MD : Pour d’autres photographes que Bernard Plossu, comme Marc Trivier, de mon point de vue en tout cas, l’image est dans un état de précarité, de pauvreté, de “ povérité ” qui ne vient pas de l’appareil, bien au contraire. Il s’agit de faire renaître l’image comme au premier matin du monde, à partir d’un degré zéro qui ouvre sur une épiphanie, une condensation entre, d’un côté, toute l’expérience de la vie et du monde, et de l’autre, l’innocence d’un premier regard – ou d’un regard premier – sur le monde, comme pouvaient l’être à la fois ceux de Saint François d’Assise et de Saint Jérôme, sainte Thérèse d’Avilla et de Saint Augustin.
Autrement dit : comment croire encore au monde à l’intérieur même d’une extrême lucidité du monde. En cela, je rapprocherais l’écriture de Trivier de celle de Beckett ou de Jacottet. Pour construire cela, il faut parfois des outils extrêmement sophistiqués et un travail incommensurable. D’autres encore conjuguent les deux, comme Corinne Mercadier par exemple.




Photo Bruno Debon, « Fév. 2008 » (Photophonie)






YV : Marc, Bruno, pouvez-vous me parler du passage du Polaroid SX-70 au téléphone mobile permettant de prendre des photos ? Il me semble qu’il y a plus d’un lien… notamment l’apparition immédiate d l’image, et peut-être des relations plus inattendues ?

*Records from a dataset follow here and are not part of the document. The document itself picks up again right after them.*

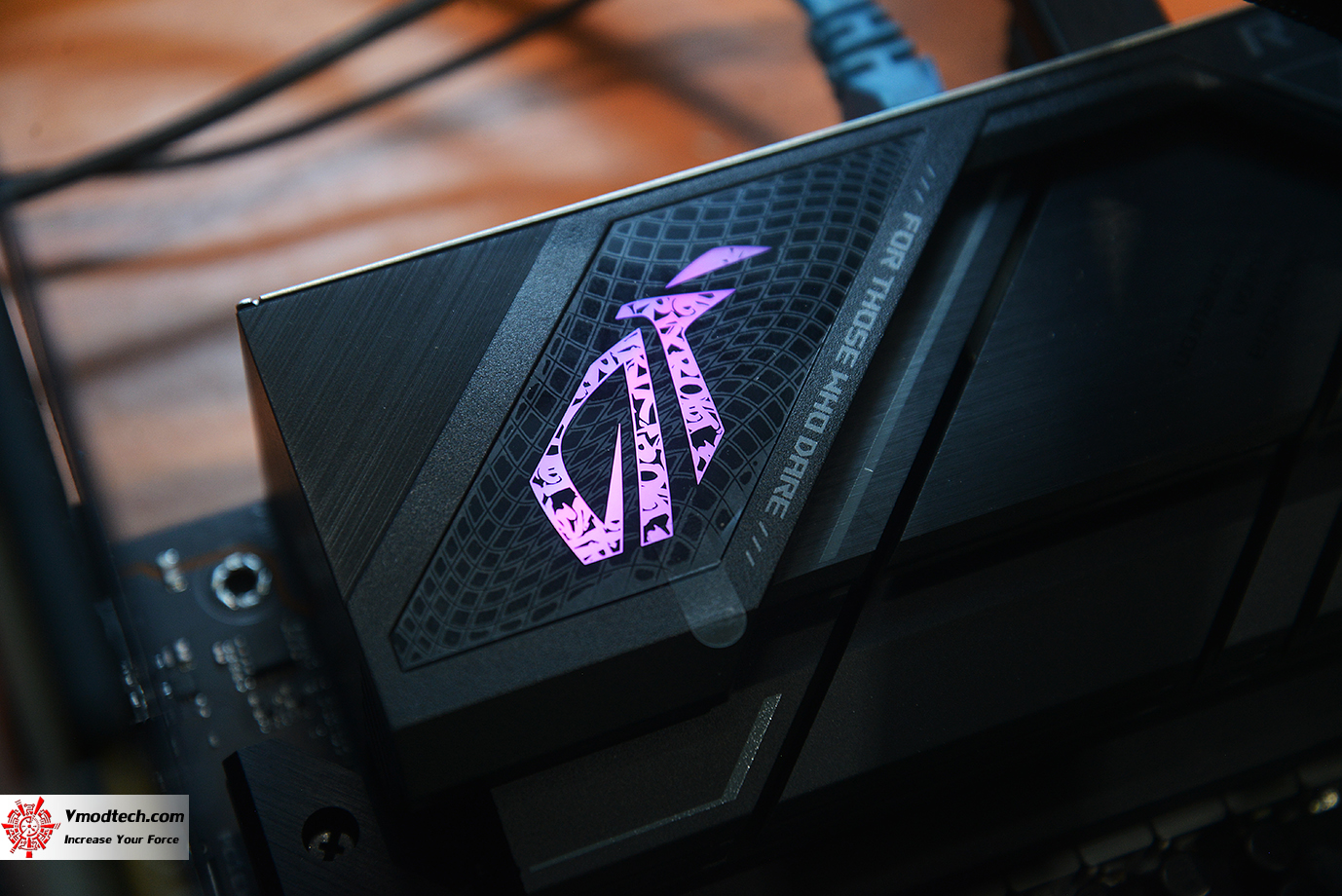 dsc 3614 ASUS ROG STRIX B760 F GAMING WIFI REVIEW
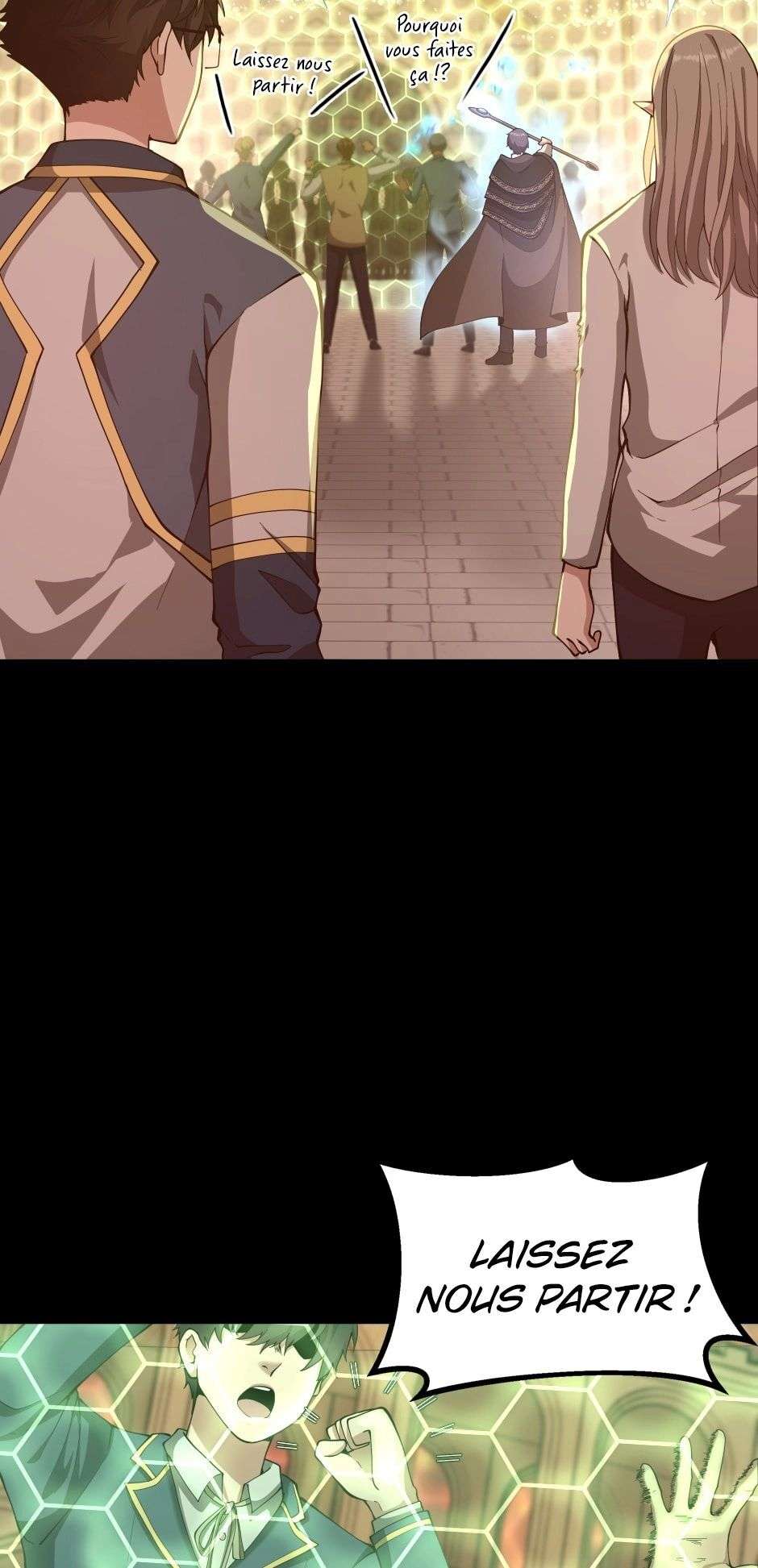 Read The Beginning After the End FR Manga Online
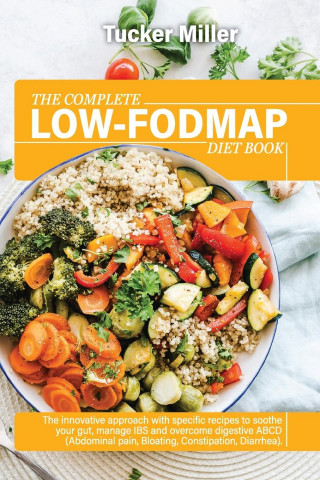 Complete Low-Fodmap Diet Book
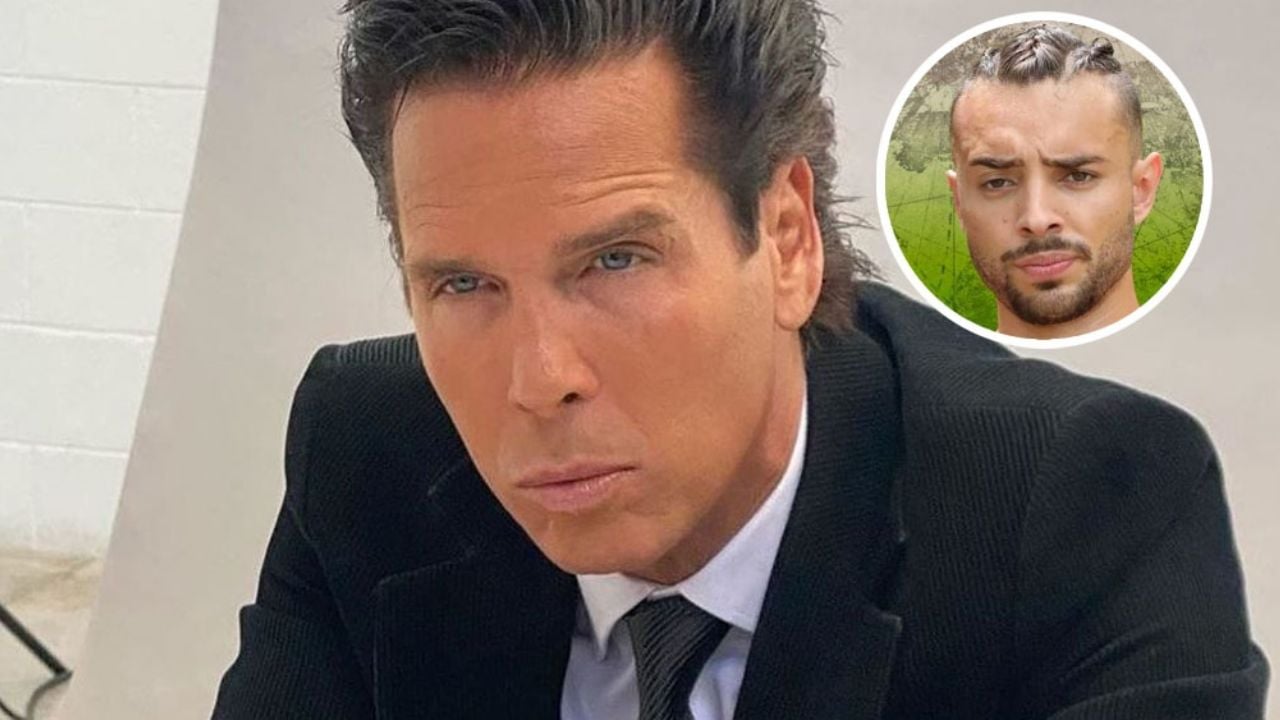 Roberto Palazuelos revela que tiene a un sucesor y sería un concursante de ‘Survivor México’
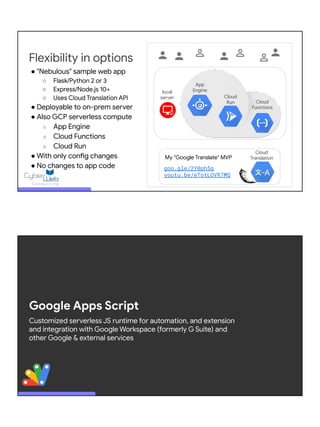 Powerful Google developer tools for immediate impact! (2023-24 C) | PDF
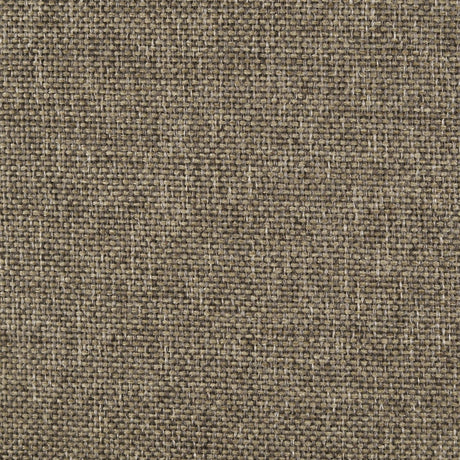 Close-up of fabric upholstery texture on Wilkes bed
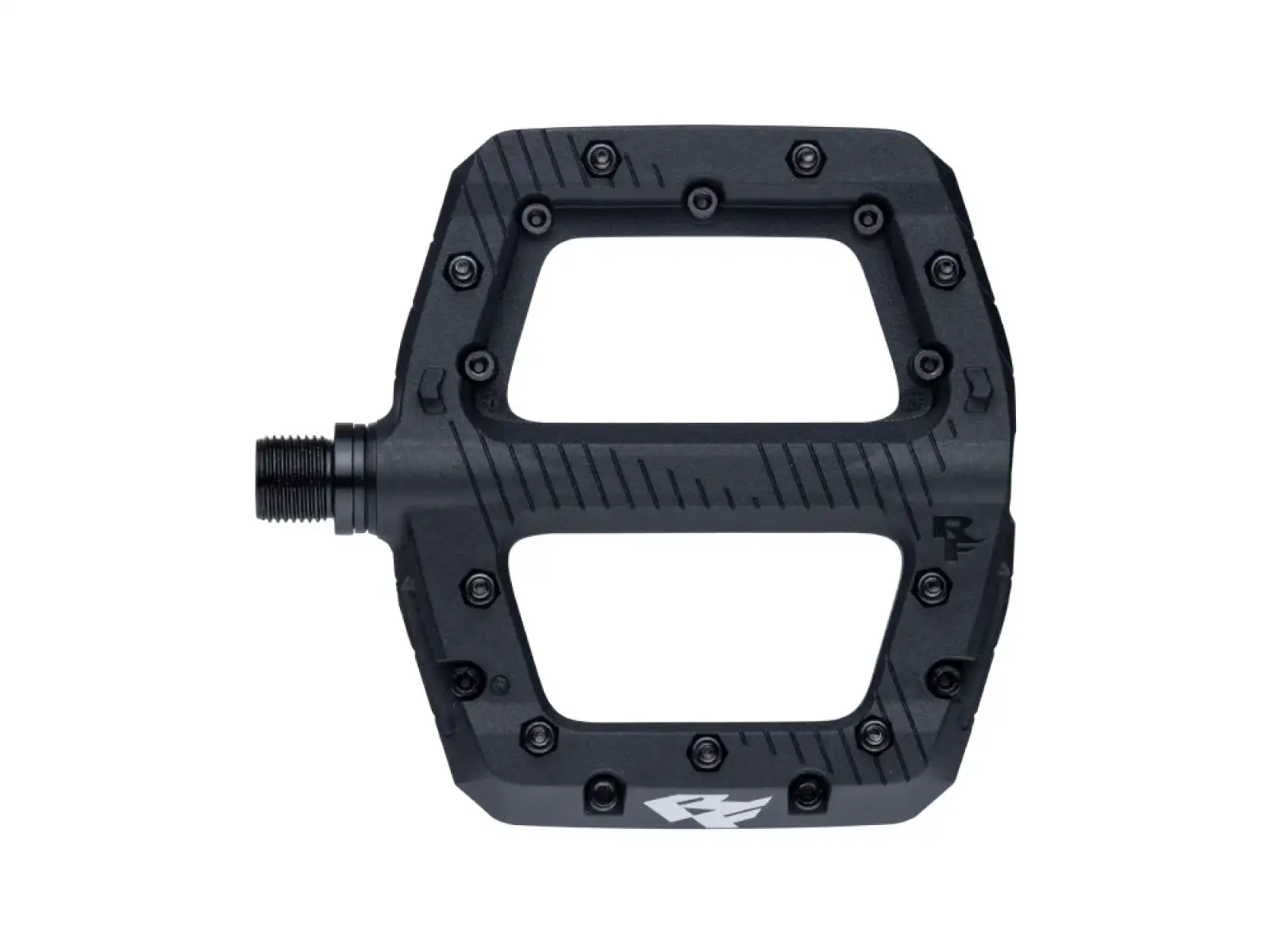 Race Face Chester Composite Small platformové pedály Black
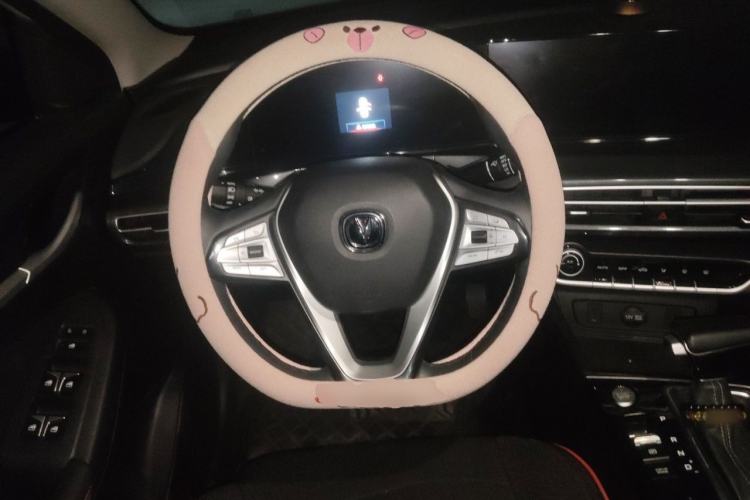 Used CHANGAN Eado 2020 PLUS Blue Whale NE 1.4T GDI DCT Prestige Model Steering Wheel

MD : Au départ, j’ai utilisé des appareils-photo Polaroid pour trois raisons. Tout d’abord pour un rapport au temps : avec eux on peut capturer un bloc de temps dans l’image, et quelque fois un bloc de temps articulé à un bloc d’espace, et/ou inversement. Ce qui donne naissance à un passage inscrit dans l’image, une durée autant qu’une traversée. Ensuite pour un rapport à la couleur. Quand on utilise le Polaroid dans ses marges, on n’obtient plus les couleurs réelles, les couleurs des murs ou des objets par exemple, mais la couleur de la source de lumière qui éclaire la scène, et plus précisément la couleur associée à a température de la source de lumière qui éclaire la scène. On obtient ainsi un faux monochrome, une couleur climatique, atmosphérique, dominante, qui vient “ surcharger ”, “ oblitérer ”, les couleurs existantes réelles. Elle ne les annule pas, elle ne les fait pas disparaître mais les baigne dans un autre état, proche de l’aube ou du crépuscule. Là encore, on est dans un bloc, une épaisseur, une densité. Enfin, à partir de là, on se rend compte que l’appareil peut fonctionner comme une gomme qui efface ce que l’on veut, ou comme un pinceau d’aquarelle qui souligne ce que l’on veut.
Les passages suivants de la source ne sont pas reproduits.